In philosophy and logic, an argument is an attempt to persuade someone of something, by giving reasons or evidence for accepting a particular conclusion.[1][2] The general structure of an argument in a natural language is that of premises (typically in the form of propositions, statements or sentences) in support of a claim: the conclusion.[3][4][5] Many arguments can also be formulated in a formal language. An argument in a formal language shows the logical form of the natural language arguments obtained by its interpretations.
In a typical deductive argument, the premises are meant to provide a guarantee of the truth of the conclusion, while in an inductive argument, they are thought to provide reasons supporting the conclusion's probable truth.[6] The standards for evaluating other kinds of arguments may rest on different or additional criteria than truth, however, such as the persuasiveness of so-called "indispensability claims" in transcendental arguments[7] or even the disclosure of new possibilities for thinking and acting.[8]

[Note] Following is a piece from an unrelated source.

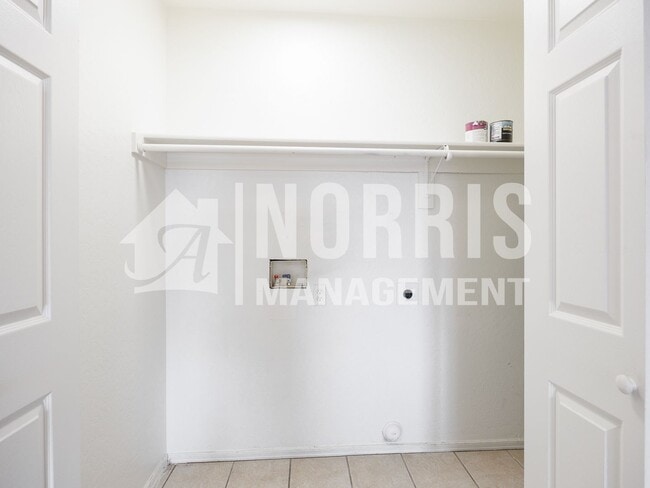 Building Photo - 10077 S Tampico Ln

The criteria used in evaluating arguments and their forms of reasoning are studied in logic.[9] Ways of formulating arguments effectively are studied in rhetoric (see also: Argumentation theory).

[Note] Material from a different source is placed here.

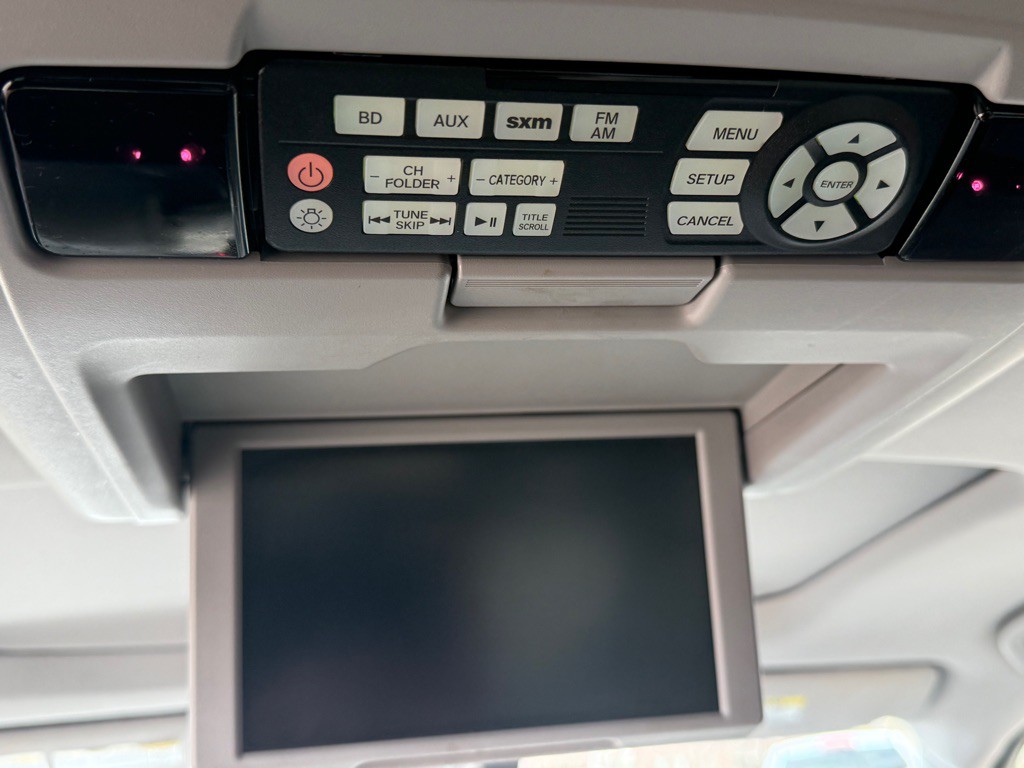 2016 Honda Pilot Image 25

Informal arguments as studied in informal logic, are presented in ordinary language and are intended for everyday discourse. Conversely, formal arguments are studied in formal logic (historically called symbolic logic, more commonly referred to as mathematical logic today) and are expressed in a formal language. Informal logic may be said to emphasize the study of argumentation, whereas formal logic emphasizes implication and inference. Informal arguments are sometimes implicit. That is, the logical structure –the relationship of claims, premises, warrants, relations of implication, and conclusion –is not always spelled out and immediately visible and must sometimes be made explicit by analysis.
There are several kinds of arguments in logic, the best-known of which are "deductive" and "inductive." These are sometimes referred to broadly as "truth-preserving" arguments, because they assert something about the truth of a particular claim. A deductive argument asserts that the truth of the conclusion is a logical consequence of the premises. An inductive argument, on the other hand, asserts that the truth of the conclusion is supported by the premises. Each premise and the conclusion are truth bearers or "truth-candidates", capable of being either true or false (and not both). While statements in an argument are referred to as being either true or false, arguments are referred to as being valid or invalid (see logical truth). A deductive argument is valid if and only if the truth of the conclusion is entailed by (is a logical consequence) of the premises, and its corresponding conditional is therefore a logical truth. A sound argument is a valid argument with true premises; a valid argument may well have false premises.
A deductive argument is one which, if valid, has a conclusion that is entailed by its premises. In other words, the truth of the conclusion is a logical consequence of the premises—if the premises are true, then the conclusion must be true. It would be self-contradictory to assert the premises and deny the conclusion, because the negation of the conclusion is contradictory to the truth of the premises.
Deductive arguments may be either valid or invalid. If an argument is valid, and its premises are true, the conclusion must be true: a valid argument cannot have true premises and a false conclusion.
The validity of an argument depends, however, not on the actual truth or falsity of its premises and conclusions, but solely on whether or not the argument has a valid logical form. The validity of an argument is not a guarantee of the truth of its conclusion. A valid argument may have false premises and a false conclusion.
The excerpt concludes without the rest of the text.